Moving house creates some serious lists.  We have had the what kind of house would we want list stage, the what should we sort out before we chose an area lists, the shortlist of houses list, the what do we need at that house list, the schools list, the have you rung ... list, the what to pack list, and here we are at the frantic list stage.
Its no longer well thought out typed neat lists, oh no, now its random, erratic thoughts hurriedly scribbled on any old piece of paper.
"Defrost fridge!' and 'Pack bin bags!' shout at me from a post it note, theres a what to remember to pack in the car not the lorry list pinned to the fridge and theres a piece of paper just proclaiming 'Chickens!!!' on my desk.  (Luckily all my lists are aimed at myself, and I know that 'Chickens!!!' is an abbreviated way of reminding myself to clean out and hose down the chicken run before the removal men arrive) 

I am looking forward to throwing all these lists out. Cannot wait for that point where it is all done and too late to do anymore. Get in the car, shut the door and the only list is the list of directions the sat nav shouts on the way. I'm so tired of the 'almost time to move'. Just want to BE moved now.  T-minus 2 days!!
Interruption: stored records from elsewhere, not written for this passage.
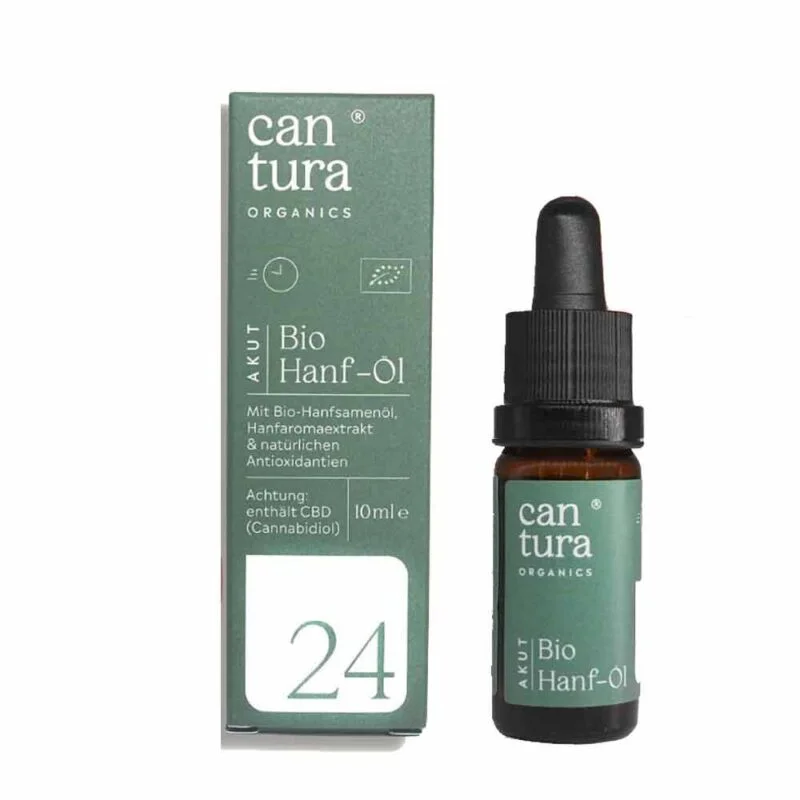 Cantura Organics Bio CBD Aromaöl 24 % – 10 ml
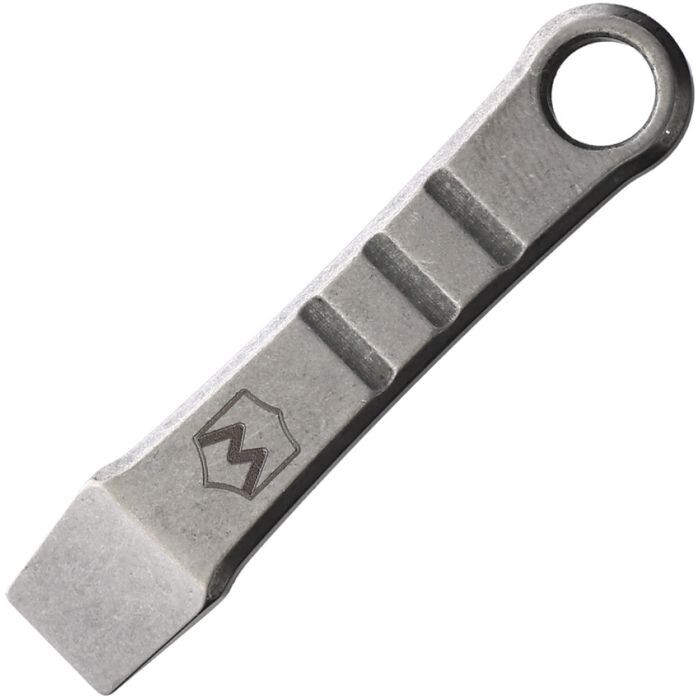 Mercury Mini Pry Bar / Bottle Opener With Lanyard Loop 1.4116 Stainless Steel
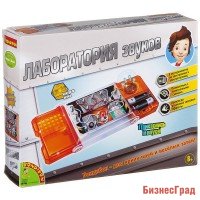 Французские опыты "Науки с Буки. Лаборатория звуков", арт. ВВ2362
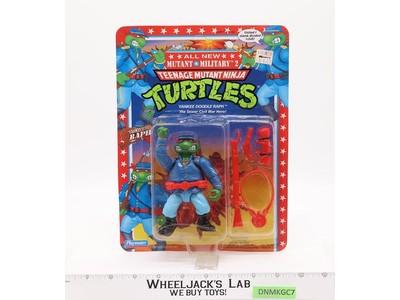 Yankee Doodle Raph Mutant Military 2 TMNT 1992 Playmates Figure NEW SEALED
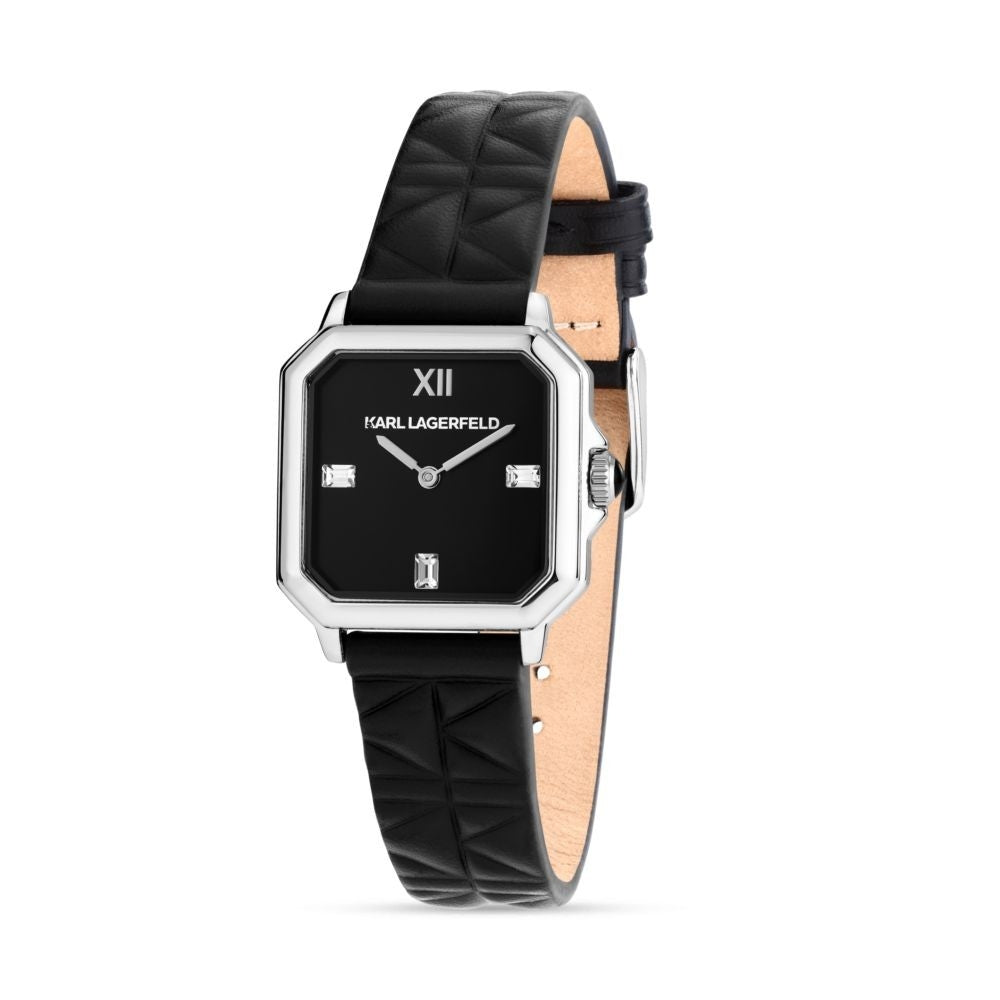 KARL LAGERFELD Damen Armbanduhr aus Edelstahl R0551102502 – Produktansicht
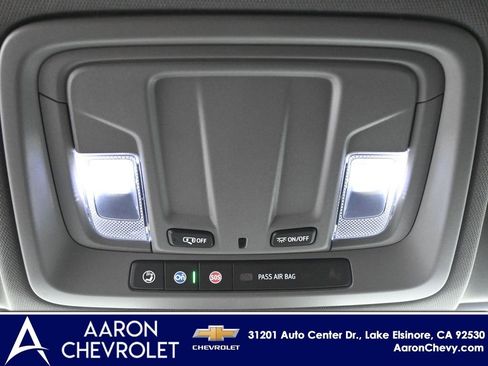 New 2026 Chevrolet Silverado 1500 Custom Trail Boss w/ Turbomax Blackout Package image 32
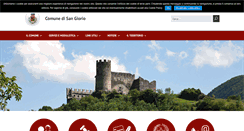 Desktop Screenshot of comune.sangioriodisusa.to.it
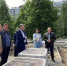 Депутат Гриневич проверила благоустройство Аллеи Памяти и Славы в Советском районе - фото 1 - vGorodeN.Ru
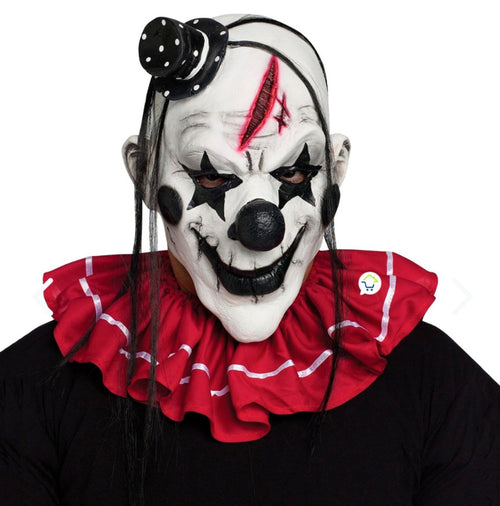 Mascara De Payaso Asesino Latex OF-628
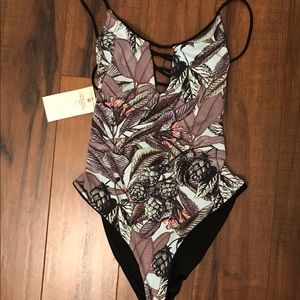 Maaji Reversible One Piece Swim, Large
Excitement, worry and procrastination

If you could see my train of thought - terrible idea, my head is no doubt messier than my current house, but anyway - if you could, it would flip randomly from 
Oh my goodness can't wait, so exciting
to
how am I going to get all this stuff there!...
to
Its so perfect, Its amazing! we are so lucky!
to
will never be ready! have I packed the *insert random item  yet? where did I put...

And, incase you are wondering what you do when faced with quite a bit of pressure and an awful lot to achieve....

I create art. digitally.

Nothing like a head in the sand approach to the last few days of packing a house, right? 

Mollieart

{'painting' from a photo, created with a lot of work with PS filters, faffing with Nik filters, and some designer digitals details}

 

Haven't really got my head in the sand, its just that weird stage of 95% is already packed and its too soon to pack the rest/defrost the fridge/etc. From busy days where we are rushing about, packing, getting fetching, tidying and arranging things my mind doesn't really fancy just stopping and going to sleep, so I get to do soothing arty things on my beloved iMac in order to calm down. 

 


how do you pack...?

Help! how do you pack the last things? This will be my 14th house move. I know, you'd think by now I could pack up house in my sleep, right? To be fair I can pretty much. I know how to pack, what to pack - and how to unpack to reduce bedlam at the other end. What I am rubbish at is the packing of essentials. If I pack the kitchen up, I leave out 'just these few things' incase I need them. Only... how likely am I to need all my baking stuff in the week before we move? I don't have time to sit down never mind bake! Yet, ever the optimist, I leave out cake tins and scales, just  incase... I should also confess I left out my paints 'just incase' I had time to create something new. hahaha.....
I do not unplug my computer until the hours before we leave, and I have no idea how to begin packing the larder incase I need those ingredients for cooking something.... 

The husband is even worse, he refuses to acknowledge the move and the need to pack until oh, about 36 hours beforehand. So his man cave of musical instruments and business computer is untouched by boxes or packing tape.  I can't even look in there without breaking out into a cold sweat.

Make a box of essentials, they say, to take with you. Okay, but just the one box? I have essentials - kitchen, essentials - household, essentials - pet, and essentials -bathroom.  I essentially have a problem narrowing it all down. Maybe I need to stop thinking leave this out just incase, and start thinking pack it IN a case!!  T-minus 6 days. Excited. slightly panicky.